たんす預金は「非課税贈与や相続が行えるのかも」と安易な気持ちで行う人もいますが、その結果、追徴課税や罰則が与えられてしまうこともあります。ここでは、たんす預金をするデメリットについて解説します。

追徴課税を受けてしまう

たんす預金が税務署にバレた場合は、4種類の追徴課税がされてしまいます。

・無申告加算税
相続をした場合は10か月以内に税務署に申告して、定められた金額を納税しなればいけません。しかし、申告をせずに税金を納めなかった場合は、無申告加算税の対象に。
無申告加算税は、本体納付すべき金額の50万円までの部分は15%、50万円を超える部分は20%です。

[事例:100万円の相続税を納付しなかった場合]

(50万円×15%)+(100万円-50万円)×20%=17万5千円

・過少申告加算税
過少申告加算税は、申告した相続税額が少額であった場合に課せられる加算税です。税率は、新たに収めることになった税額に対して、50万円までの部分は10%、50万円を超える部分は15%です。

[事例:100万円の相続税を追納する場合]

(50万円×10%)+(100万円-50万円)×15%=12.5%

・重加算税
重加算税は、事実を仮装隠蔽して申告をした場合に課せられる加算税です。単なる申告漏れではなくて、脱税をしようとしていた人に課せられます。無申告の場合が40%、過少申告の場合は35%と重たくなってしまいます。

刑事罰が科せられる

たんす預金の贈与は節税ではなく脱税です。税務調査を避ける目的でたんす預金をする行為は、悪質性が高いとみなされて刑事罰が科せられることもあります。

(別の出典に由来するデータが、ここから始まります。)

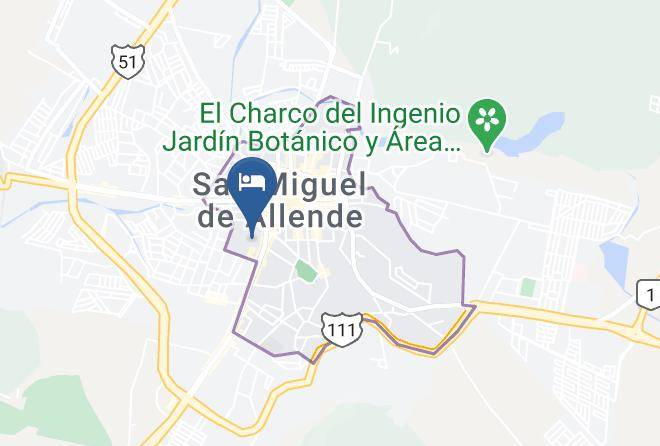 San Miguel De Allende - Posada Real De La Cruz Maps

2018年に発行された税理士が読む情報誌「税務通信」には、床下収納の金庫の中に1億5,000万円を隠していた人が逮捕された事例も
法定刑では、脱税する意思がありたんす預金をしていた場合は、5年以下の懲役または500万円以下の罰金が科せられます。脱税する意思がなかった場合でも、1年以下の懲役または50万円以下の罰金が科せられるので注意してください。

盗難や災害で消失することもある

災害や盗難の被害に遭う可能性も0ではありません。このような被害を防止するためには、強固な素材で重量のある金庫を用意してみましょう。簡単には運び出せない、頑丈な金庫の中にタンス預金を保管しておけば、災害や盗難の心配はありません。

インフレが起きると紙幣の価値が下がる

アベノミクスでは、毎年2%のインフレが予定されていますが、仮に予定通りにインフレになった場合は、紙幣の価値は下がっていき目減りします。紙幣の価値が下落してしまうと本末転倒になってしまうため注意してください。

どこに保管していたか忘れてしまう

たんす預金は、屋根裏や物置、冷蔵庫などさまざまな場所に保管されます。一緒に暮らしている家族などにバレないように場所を変える人も多いです。しかし、保管場所を変え続けた結果、「あれ?ここに保管しておいたはずなんだけど…」「盗まれてしまったかも…」というトラブルに発展してしまうのです。保管先を忘れてしまうと大変なことになってしまうので注意してください。

たんす預金はやめよう!贈与税が非課税になる政府対策

マネーセミナー講師
「現金手渡しの贈与がバレないだろうか…」と気を揉むよりも、法に基づいて非課税で贈与したほうが安心できます。政府でも、たんす預金を贈与して若い世代に流れるような贈与対策を用意しています。少しでも、お得な贈与をしたい方は、下記の贈与対策を活用してみてください。

結婚・子育ての一括贈与

2015年の税制改正で結婚・子育て資金の一括贈与を受けた場合の贈与税が非課税対象となりました。2015年4月1日から2021年3月31日までの期間に、20歳以上50歳未満の方が、結婚・子育て資金に充てるため贈与を受けた場合、上限1,000万円までが非課税となります

期間が定められているため、節税対策を検討している方は、この期間に一括贈与をしてみてください。

教育資金の一括贈与

2015年の税制改正で教育資金の贈与税が非課税対象となりました。2015年4月1日から2021年3月31日までの期間に、30未満の方が、教育資金に充てるため贈与を受けた場合、上限1,500万円までが非課税となります

期間が定められているため、節税対策を検討している方は、この期間に一括贈与をしてみてください。

贈与や相続のマネーリテラシーで賢く節税しよう

今回は、たんす預金を活用すれば贈与や相続を非課税にできるのか?について解説しました。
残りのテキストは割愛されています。